Thanks  I know, we only have about 8 weeks apart or something, it will pass quickly. That's what I keep trying to tell myself 
The paper is not done yet, still have half left.. Better get started


----------



## Stacey (Mar 22, 2004)

Awww honey, I'm sorrrrrry he is gone!  But thats great you only have 8weeks to go!!!!! 

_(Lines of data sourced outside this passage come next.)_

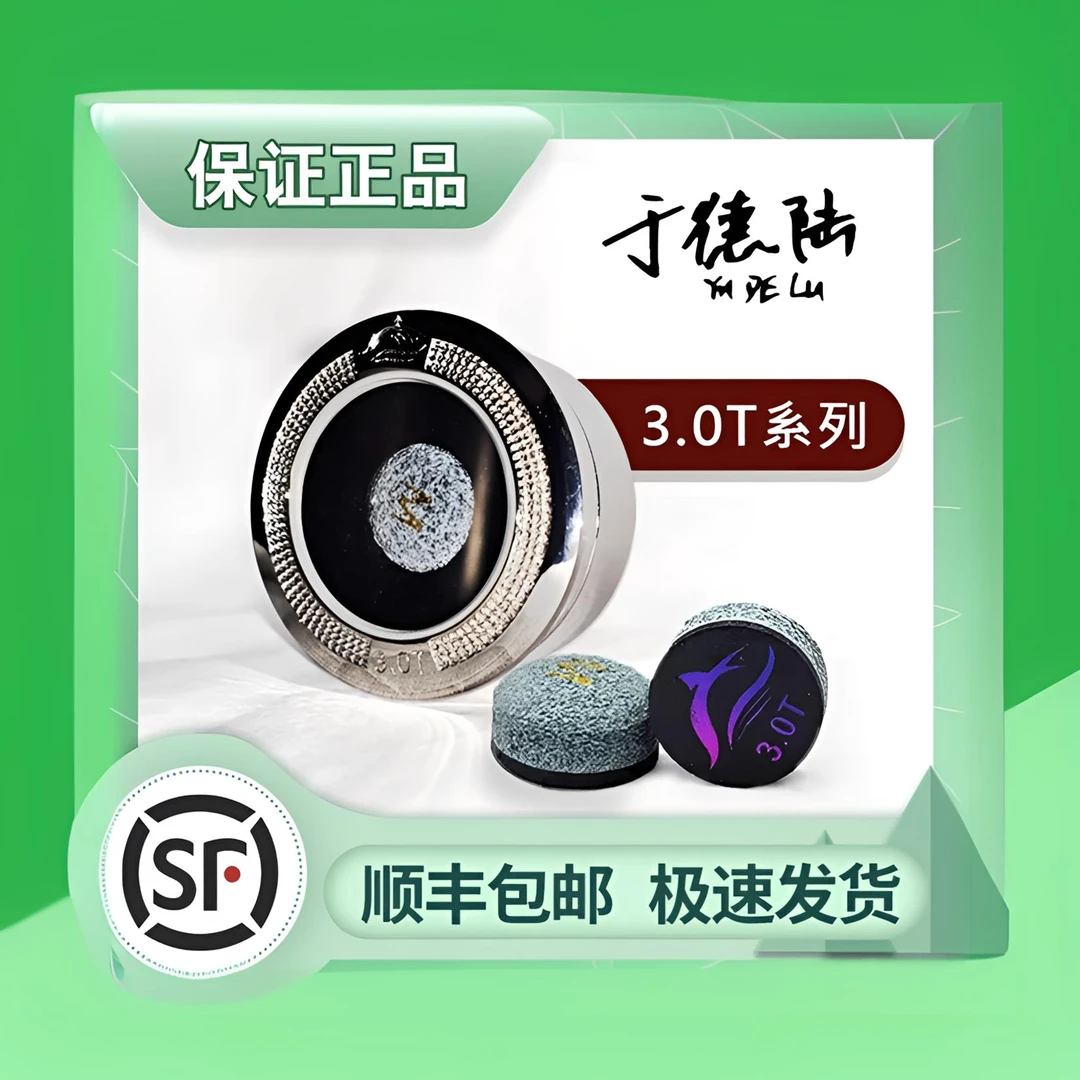 于德陆3.0T大鲨鱼皮头小头台球杆皮头中式黑八斯洛克皮头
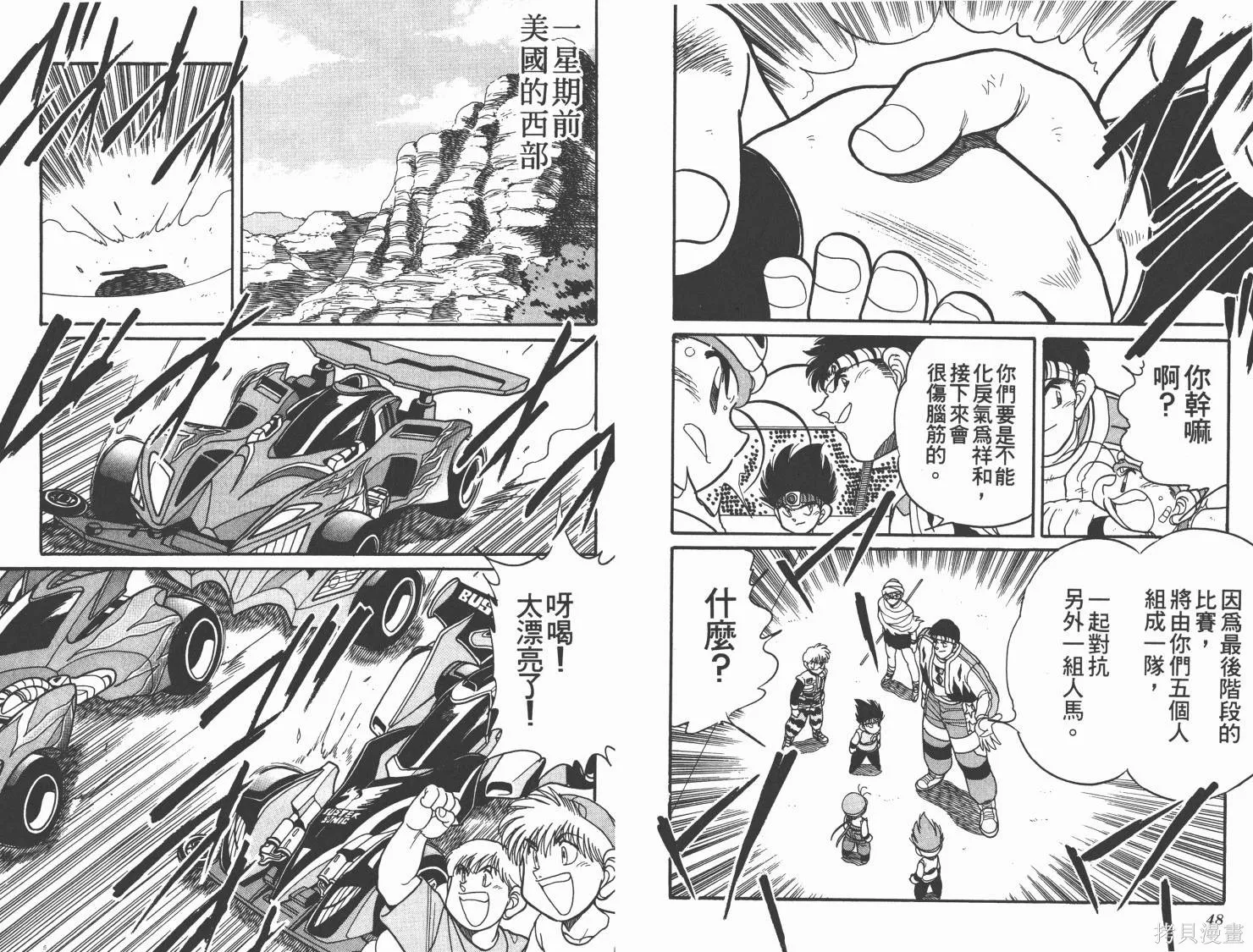 四驅兄弟MAX,第06卷,第25张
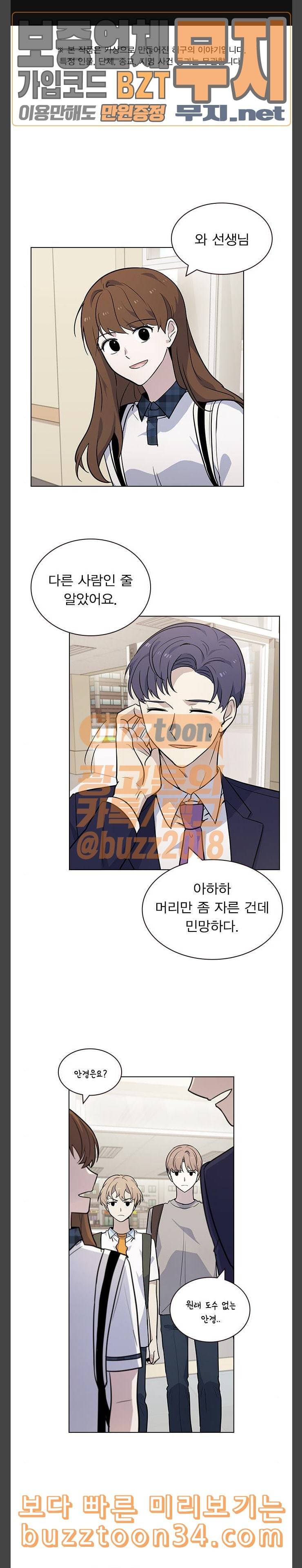 일진이 사나워 59화 1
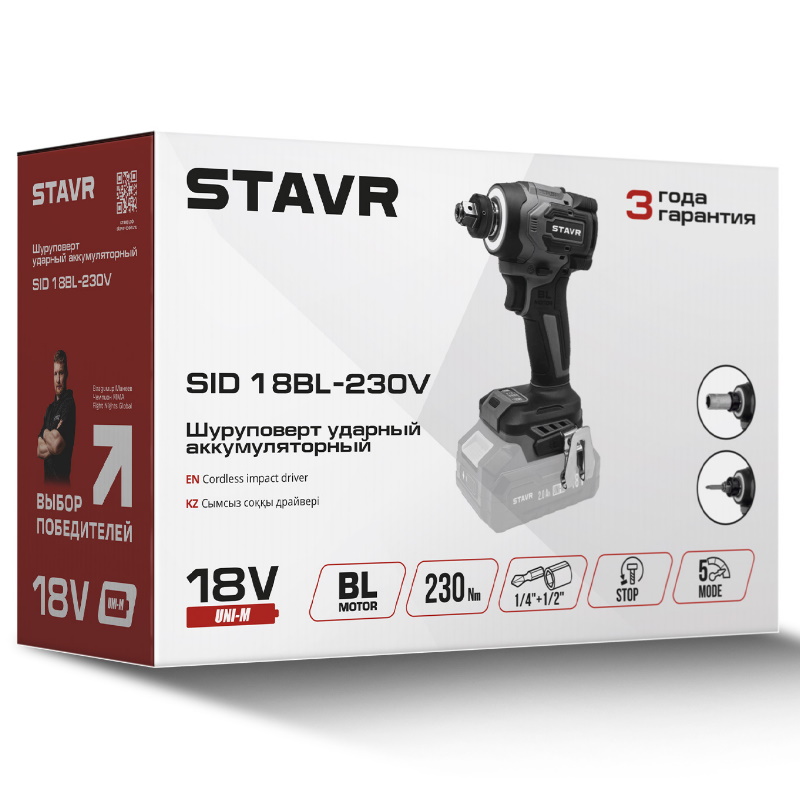 Шуруповерт ударный аккумуляторный Stavr SID 18BL-230V 4610264004216, бесщеточный, 18В UNI-M, 1200/1900/2500/3200 об/мин, подсветка, без акб и зу в Муроме
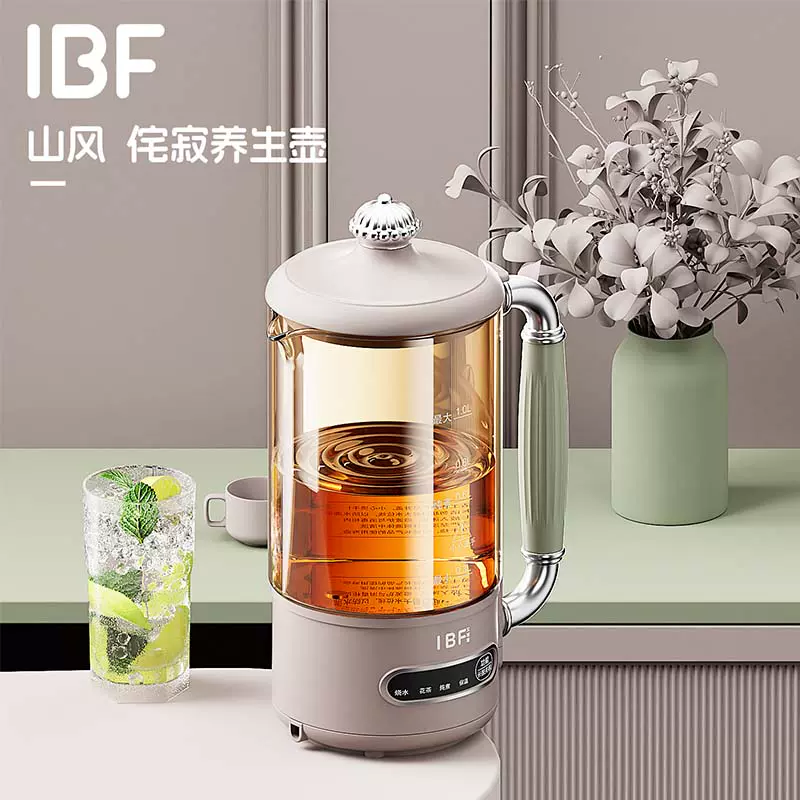 茶壺 艾博菲山风侘寂养生壶IBFD-085双旋扭煮茶器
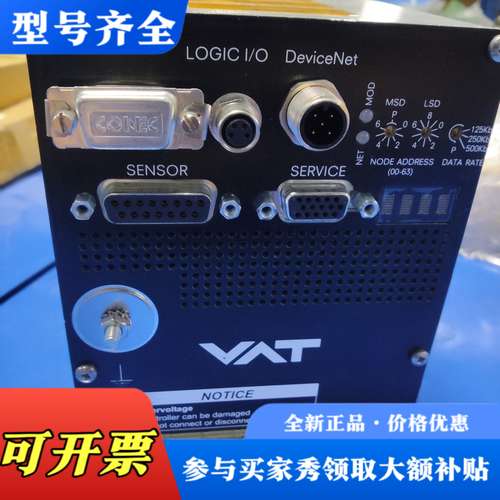议价瑞士VAT蝶阀控制器，型号670EC-24CQ-AIJ2/0议价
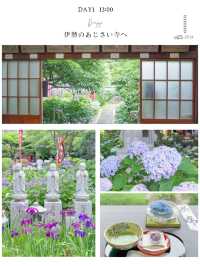 【三重・伊勢】伊勢志摩　旅日記🚗💕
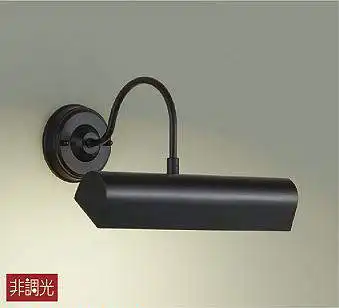 DBK-40843Y ブラケット 非調光 電球色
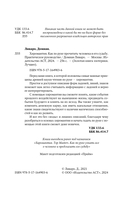 Хиромантия — фото, картинка — 2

The pictures are great!!!! You are soooo beautiful Jenny!!!! And you to together look AMAZING!!!


----------



## Jenny (Mar 22, 2004)

Grr, I was planning on going to the gym right now and my boss at the gym txts me to remind me of a meeting tonight.. crap..  I'll sneak in some kind of workout though.. The meeting is actually pretty nice since it's a Reebok sponsor night where we can buy cheap items from next seasons collection 

Stace, thanks  I feel okay, cause I know that what we have is amazing and very special and I'll get to see him soon again


----------



## atherjen (Mar 22, 2004)

JENNY- AWESOME PICS!!!!  you two are the cutest lovebirds!!! 
Im sooo glad you had a wonderful time together!! 8 weeks will pass soon!


----------



## Eggs (Mar 22, 2004)

Hey cranky girl 

I'm going to bed now and I just wanted to say that I miss you and that I cant wait to be with you again.  I'm glad you're back at your diet and workout and I know with your dedication you're going to do great 

Needing you in my arms ~
your boy


----------



## myCATpowerlifts (Mar 22, 2004)

^ awwwwww

welcome back eggies


----------



## Jenny (Mar 23, 2004)

Thanks Jen  We really are amazing together 

Justin, I miss you  Sooooo much.. I need those arms around me, falling asleep on your chest and just feeling so good that only your presence can make me..


----------



## Jenny (Mar 23, 2004)

Tuesday 23rd:

Meal 1:
7 whites
veggies

Meal 2:
1 dl whey
4 fish oil

Meal 3:
5 oz salmon
veggies

Meal 4:
7 whites
veggies

Meal 5:
1 dl whey
3 fish oil

Meal 6:
7 whites
veggies

Workouts:
- AM: 31 min interval program
- 60 min spinning, teaching. Wasn't half as fun as last week when Justin was in my class


----------



## david (Mar 23, 2004)

Hey Jenny!

I have been so non adventurous in IM.com and have only been in just a few threads trying to maintain my own "journal of life" and barely can do that these days!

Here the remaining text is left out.